I rated Lowe well enough to be an AB. Remember we were picking the likes of George Bridge above such players so theres no disputing a lot of bad decisions have been made by those last two coaches. Does a team like the ABs need a finicky winger who you have to adapt and change a lot of your style with to get benefit from? No, not really. But he still would have been a basic improvement on players like even Savea at the tail of his career, Bridge, and could even have converted into the answer of replacing Beauden at the back. Instead we persisted with NMS, Naholo, Havili, Reece, all players we would have cared even less about losing and all because Rieko had Lowe's number 11 jersey nailed down.


He was of course only 23 when he decided to leave, it was back in the beggining of the period they had started retaining players (from 2018 onwards I think, they came out saying theyre going to be more aggressive at some point). So he might, all of them, only just missed out.


The main point that Ed made is that situations like Lowe's, Aki's, JGP's, aren't going to happen in future. That's a bit of a "NZ" only problem, because those players need to reach such a high standard to be chosen by the All Blacks, were as a country like Ireland wants them a lot earlier like that. This is basically the 'ready in 3 years' concept Ireland relied on, versus the '5 years and they've left' concept' were that player is now ready to be chosen by the All Blacks (given a contract to play Super, ala SBW, and hopefully Manu).

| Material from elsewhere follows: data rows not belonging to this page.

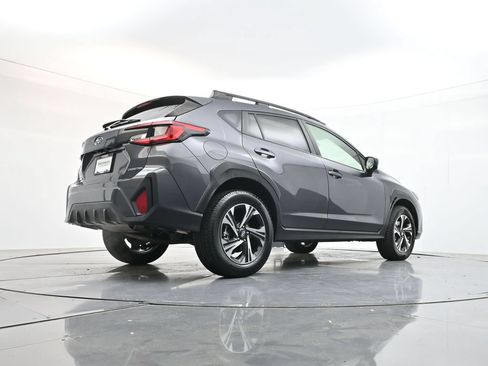 Used 2024 Subaru Crosstrek 2.0i Premium w/ Crosstrek Mirror Package AWD/4WD image 38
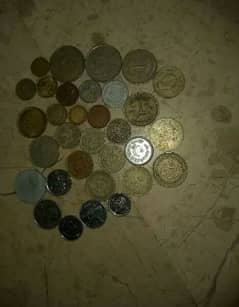 old coins sale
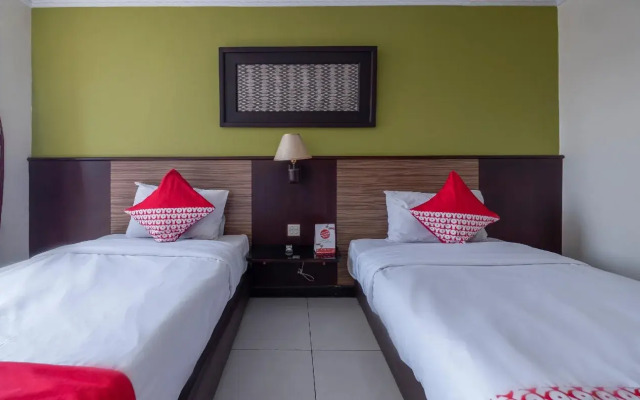 Losari Hotel Metro Makassar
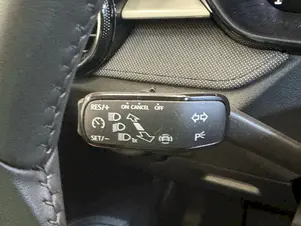 Škoda Fabia Selection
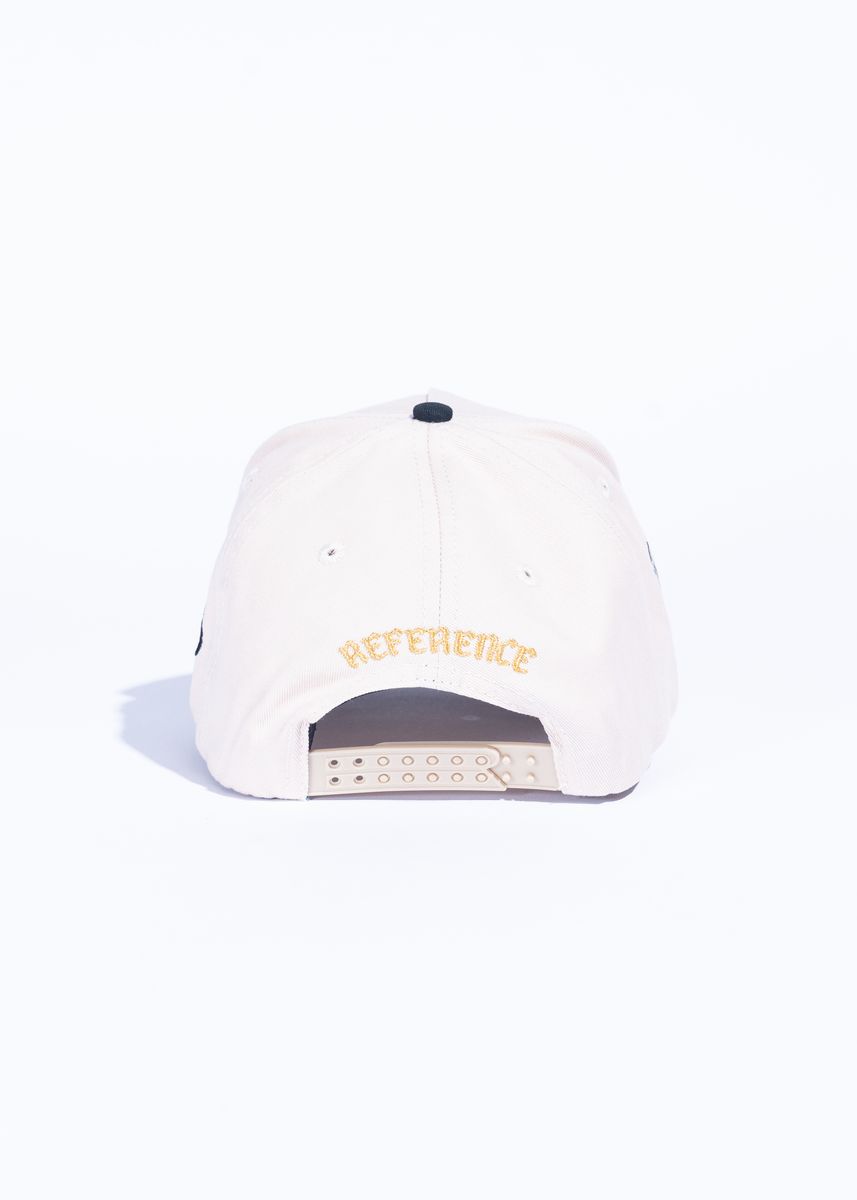 Reference Buccarays Snapback Hat
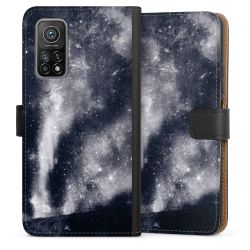 Sideflip Fodral med flap svart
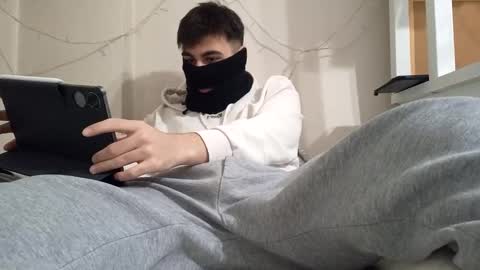 Niko online show from December 5, 3:09 pm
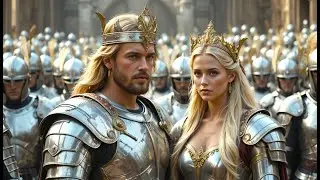 The Alien Princess Didn’t Request She Demanded Embrace Me Human HFY | Sci-Fi HFY Stories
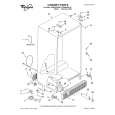 WHIRLPOOL ED5NHGXRL01 Parts Catalog WHIRLPOOL ED5NHGXRL01 Parts Catalog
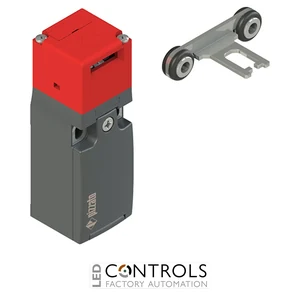 FR 2293-D11 Pizzato Safety switch with separate actuator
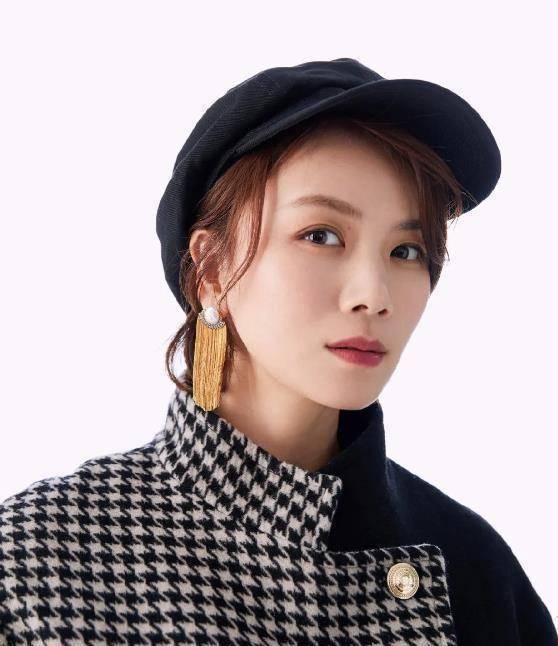 原创原创星汉灿烂曹曦文曾爆红被陈思诚抛弃后沉沦今凭越妃出圈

The 'mercenary' thing that will take longer to expire, and which I was referring to, is the grandparents rule. The new kids coming through now aren't going to have as many gp born overseas, so the amount of players that can leave with a prospect of International rugby offer are going to drop dramatically at some point. All these kiwi fellas playing for a PI, is going to stop sadly.


The new era problem that will replace those old concerns is now French and Japanese clubs (doing the same as NRL teams have done for decades by) picking kids out of school. The problem here is not so much a national identity one, than it is a farm system where 9 in 10 players are left with nothing. A stunted education and no support in a foreign country (well they'll get kicked out of those countries were they don't in Australia).


It's the same sort of situation were NZ would be the big guy, but there weren't many downsides with it. The only one I can think was brought up but a poster on this site, I can't recall who it was, but he seemed to know a lot of kids coming from the Islands weren't really given the capability to fly back home during school xms holidays etc. That is probably something that should be fixed by the union. Otherwise getting someone like Fakatava over here for his last year of school definitely results in NZ being able to pick the cherries off the top but it also allows that player to develop and be able to represent Tonga and under age and possibly even later in his career. Where as a kid being taken from NZ is arguably going to be worse off in every respect other than perhaps money. Not going to develop as a person, not going to develop as a player as much, so I have a lotof sympathy for NZs case that I don't include them in that group but I certainly see where you're coming from and it encourages other countries to think they can do the same while not realising they're making a much worse experience/situation.